Specials
Building his hidden past
Fair Lawn resident constructs model of his Holocaust refuge
Michael Mark is a man of few words who works with his hands.
So when it came time to unburden himself of the memories he had kept to himself, he let his hands start the conversation.
Mark, 83, was born Mischka Margierowicz. He came from the city of Brody in what is now the Ukraine.
His children, Anne Benzachar of Fair Lawn and Benjamin Mark of Long Branch, like many children of survivors, didn’t hear his stories growing up or even later. Not until shortly before their mother’s death in 2008 did they convince her to tell her story to her children and grandchildren.

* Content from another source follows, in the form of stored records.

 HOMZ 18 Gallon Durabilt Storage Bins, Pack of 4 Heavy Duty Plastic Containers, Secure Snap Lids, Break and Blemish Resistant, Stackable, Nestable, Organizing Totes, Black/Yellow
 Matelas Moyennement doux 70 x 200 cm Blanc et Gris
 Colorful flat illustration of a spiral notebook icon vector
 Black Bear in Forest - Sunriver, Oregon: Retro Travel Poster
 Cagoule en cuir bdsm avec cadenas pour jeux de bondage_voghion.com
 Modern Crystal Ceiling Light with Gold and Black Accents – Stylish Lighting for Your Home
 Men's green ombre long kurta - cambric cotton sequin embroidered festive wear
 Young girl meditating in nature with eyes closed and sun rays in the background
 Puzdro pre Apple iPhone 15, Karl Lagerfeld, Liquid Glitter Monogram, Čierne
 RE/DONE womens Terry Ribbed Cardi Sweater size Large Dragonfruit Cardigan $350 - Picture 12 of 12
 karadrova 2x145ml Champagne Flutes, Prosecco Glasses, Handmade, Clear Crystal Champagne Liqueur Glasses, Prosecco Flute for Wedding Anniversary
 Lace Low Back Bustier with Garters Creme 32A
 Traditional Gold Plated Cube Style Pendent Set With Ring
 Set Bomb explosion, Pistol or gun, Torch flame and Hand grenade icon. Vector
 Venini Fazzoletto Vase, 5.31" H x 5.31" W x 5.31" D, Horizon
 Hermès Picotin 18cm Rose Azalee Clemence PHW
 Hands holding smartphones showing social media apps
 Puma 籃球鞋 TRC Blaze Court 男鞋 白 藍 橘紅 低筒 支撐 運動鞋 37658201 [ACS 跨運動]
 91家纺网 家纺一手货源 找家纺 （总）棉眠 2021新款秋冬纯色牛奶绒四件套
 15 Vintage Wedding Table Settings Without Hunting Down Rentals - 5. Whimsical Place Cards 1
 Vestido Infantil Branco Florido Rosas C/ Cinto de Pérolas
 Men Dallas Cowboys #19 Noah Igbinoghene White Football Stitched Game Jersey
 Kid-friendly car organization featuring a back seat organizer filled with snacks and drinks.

Hiding in a stable’s root cellar
Michael Mark’s story of survival
On a recent Sunday morning, Michael Mark sat at his kitchen table with his daughter Ann Benzachar and a reporter from the Jewish Standard and talked about his life as a teenager after the Nazis had conquered his town from the Soviets. He and his father, Benjamin, a sheet metal worker, lived in the Brody ghetto with special privileges that allowed them to come and go. His older brother was shot by the Ukrainians and his mother and sister had disappeared. As a talented craftsman, Benjamin was in charge of turning railway cars into mobile kitchens for the Germans and Michael was his apprentice.